|“Terminator: Death Valley” now available on iTunes/Apple App Store|
Dark Horse released on Monday its first digital comics formatted for the iPhone and iPod touch devices. “Terminator: Death Valley,” a four-issue miniseries by Alan Grant and Steve Pugh — originally published in 1998 — is now available in the Apple Apps Store/iTunes as a series of four “apps” priced at $0.99 each. The company’s press release noted the miniseries was chosen to coincide with upcoming “Terminator: Salvation” film starring Christian Bale. CBR News caught up with Dark Horse publisher Mike Richardson for a quick chat about Dark Horse’s new digital initiative.
“We’re excited about [the iPhone] as a new way of extending our reach with the content we have,” Richardson told CBR. “We were one of the first to do Terminator comics — as you know, these days everyone is starting a Terminator series, and we just thought we would reestablish our claim as the original and best Terminator,” Richardson explained, alluding to the fact that because “Terminator” and “Terminator 2” are distinct licenses, it is possible for multiple publishers to legitimately produce comics based on the series of films. Dark Horse’s original “Terminator” series, which began in 1990, is collected in multiple omnibus editions, and Richardson said that a new series will be officially announced at this year’s Comic-Con International in San Diego.
“[This iPhone initiative is] three beginnings for us: it’s the beginning of a re-association with Terminator. It’s also our first step into electronic presentation of our material, and it’s the beginning of a program in which we plan to be innovators,” Richardson said.
While there are emerging media companies dedicated to translating existing comics into iPhone-ready content, Dark Horse notably developed “Terminator,” their first iPhone app, in-house. “We have in-house our internet guys who are all chomping at the bit to work on this stuff,” Richardson said.
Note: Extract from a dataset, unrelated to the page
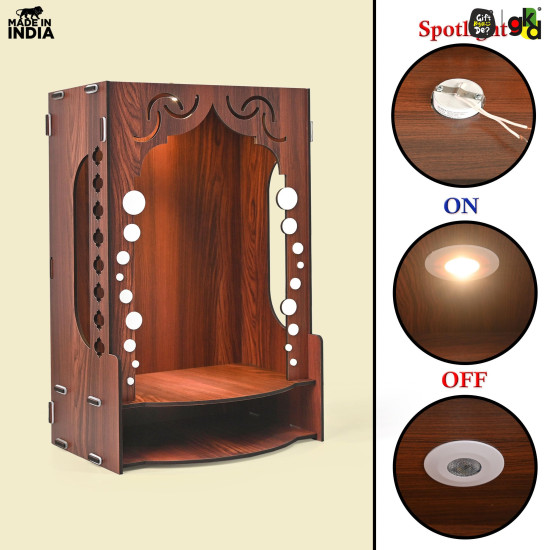 Gift Kya De Wooden Temple for Home Wall Mounted | LED Light Compact Pooja Mandir for Office, Flat, Living Room | Minimal Design Pooja Stand (DIY- H-16 x L-10 x W-7 Inch) (Modern Glow)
The company is often commended for its high production values with print comics and, though acknowledging that producing digital material can require a different set of skills, Richardson said “right now we have people with those skills on staff.”
|Screens from “Terminator: Death Valley”|
The “Terminator: Death Valley” comics will be reformatted to display one panel at a time in landscape display, with the option of flipping through pages, transitioning with swipes or fades, or setting a timer to turn pages automatically.
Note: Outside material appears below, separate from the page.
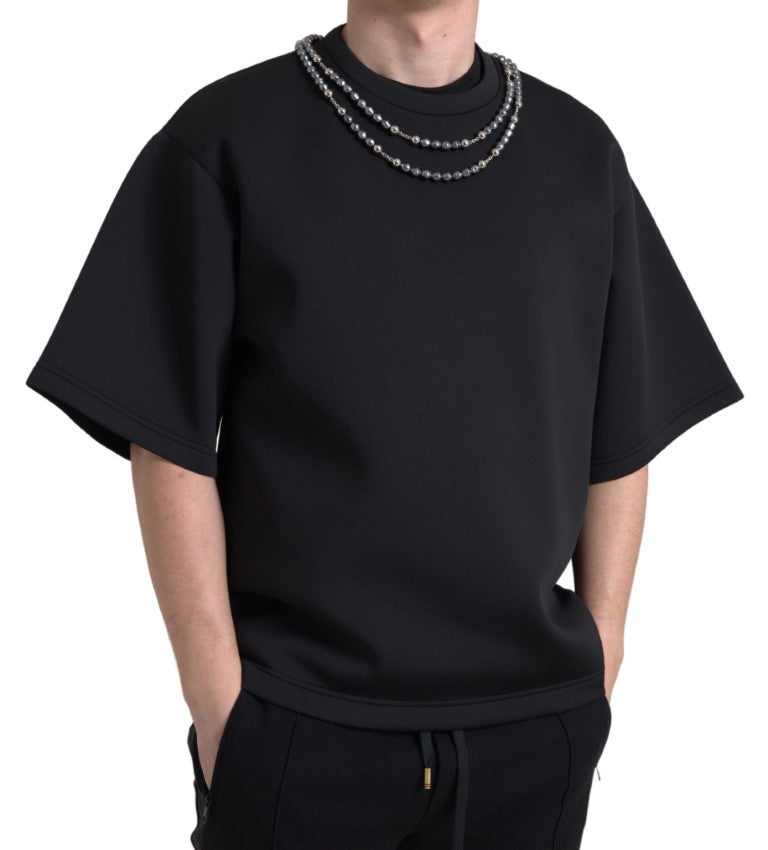 New Dolce & Gabbana Black Necklace Embellished Polyester T-shirt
The publisher gave no hints as to what Dark Horse comics would follow “Terminator: Death Valley” onto the iPhone, but upcoming titles will be selected by Richardson in coordination with designers, editors, and series artists to determine suitability for the format. “We’re going to be very ambitious,” Richardson said. “We’ve always tried to be the best at everything we do, and this will be no different. It’s one of the reasons we’ve held back up to this point, because we’ve wanted to make sure we can do a great job in presenting the material, and we also wanted to make sure the delivery systems were able to deliver the material in the way that we wanted it ourselves.”
As to whether Dark Horse would explore formatting its comics for other mobile platforms, such as Google Android phones, the option is certainly on the table. “We’re actually talking to a number of companies about a number of different platforms,” Richardson said.